0603-sized components can be visually inspected after soldering, and optionally you may wish to use a lens for the inspection.

Soldering QFP devices
Add a lot of flux to the board. The most important step is to align the component perfectly. The way I do it is to place the component, and then nudge from one side with a small instrument (e.g. tweezers) while observing through a lens, then gently slide the board around 90 degrees and nudge again to get the next side aligned, and then rotate another 90 degrees and repeat. Keep doing this (for a total of maybe 720 degrees or even more) until the component is now sitting perfectly. Use the lens and lamp to look at the component from all angles, to ensure it is spot-on aligned. Then, cut a piece of masking tape and use it to secure the component on the board (leave one edge bare so that it can be soldered from that side first). This is not as hard as it sounds; if you’re careful, the component will not move while taping it (the flux has some viscosity too).

As best as possible, ensure that the component did not move while it was taped down.

Now, carefully solder the pins. The thing to be aware of is how long you’re soldering for, because you don’t want the component to overheat. After you’ve soldered a few pins at each end, you can _gently_ remove the tape and solder a few pins on the other side. After a dozen or so pins, wait for it to cool before continuing. It doesn’t matter if the solder causes bridges; they will be removed later. The next thing (after the time) to be aware of is that the solder must be applied to the junction between the end of the pin and the board. Capillary action will suck it under.

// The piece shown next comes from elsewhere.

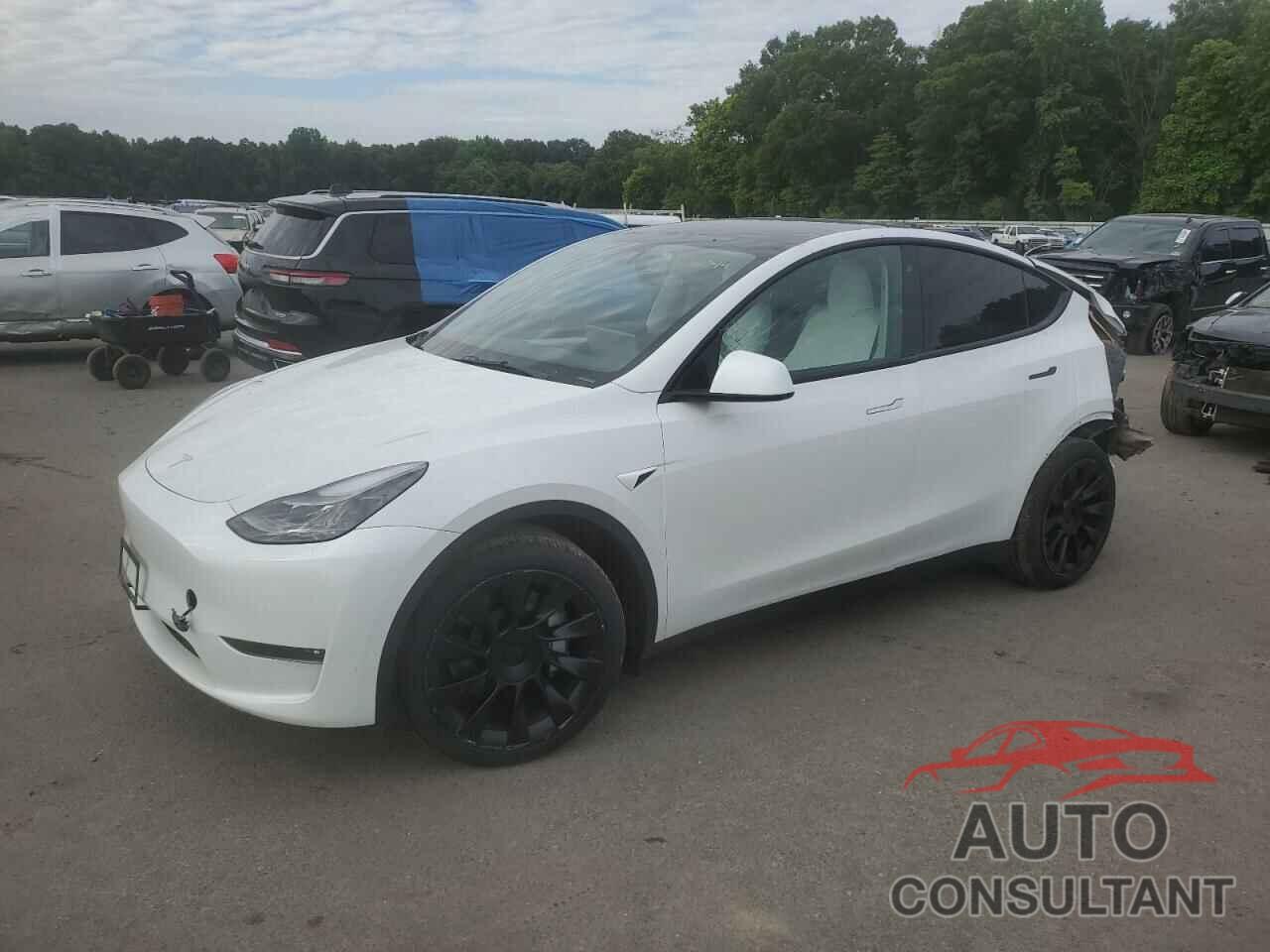 TESLA MODEL Y 2023 - 7SAYGDEE8PF747645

Once all the pins look soldered at the junction between the end of the pins and the board, it is time to remove the bridges. Wait for the component to cool, then apply the desoldering braid (aka solder wick) and apply heat with the iron. Capillary action should cause the solder to be sucked up from the bridges into the wick. Trim the wick regularly to prevent it acting as a heatsink taking heat away from the iron tip. If you find the wick is not sucking, then apply some solder to the iron tip first. This acts like a ‘starter’, to help get the wick warmed and begin the capillary action.If that doesn’t work, then the wick is not touching the bridge well enough. Don’t apply force, because that will damage the QFP. Rather, actually apply more solder to the QFP, to make more of a bridge. Then the wick will suck it all off. As the wick is sucking off, gently drag the wick away from the pad, i.e. in the direction of the ends of the pins. The result will look like this (the smeary stuff is the flux). Each pin here is about 0.2mm wide, on a 0.5mm pitch:

You need to inspect every pin individually. There are two locations that need to be inspected per pin, and they are highlighted here in red.
The red highlights shows that the junction between pin end and board should look filleted as shown in the image, and also that the space between pins should not be bridged.

The inspection doesn’t end here. After the area has been de-fluxed (using isopropyl alcohol and an ESD-safe stiff plastic brush), you need to check that each pin is still attached. The inspection will need to be visual (inspecting the junction between pin ends and the board), but also mechanical: take the scalpel, and _gently_ press the side of the blade against each pin in turn. If you can feel the end of the blade flex by (say) 0.1mm then the join is good. Keep it gentle. If the pin was not correctly soldered but was only being held in place by some sticky flux, then it will detatch and you will feel and see it move slightly. That area of the IC can be reworked with solder, and then cleaned again and then inspected visually and with the scalpel again.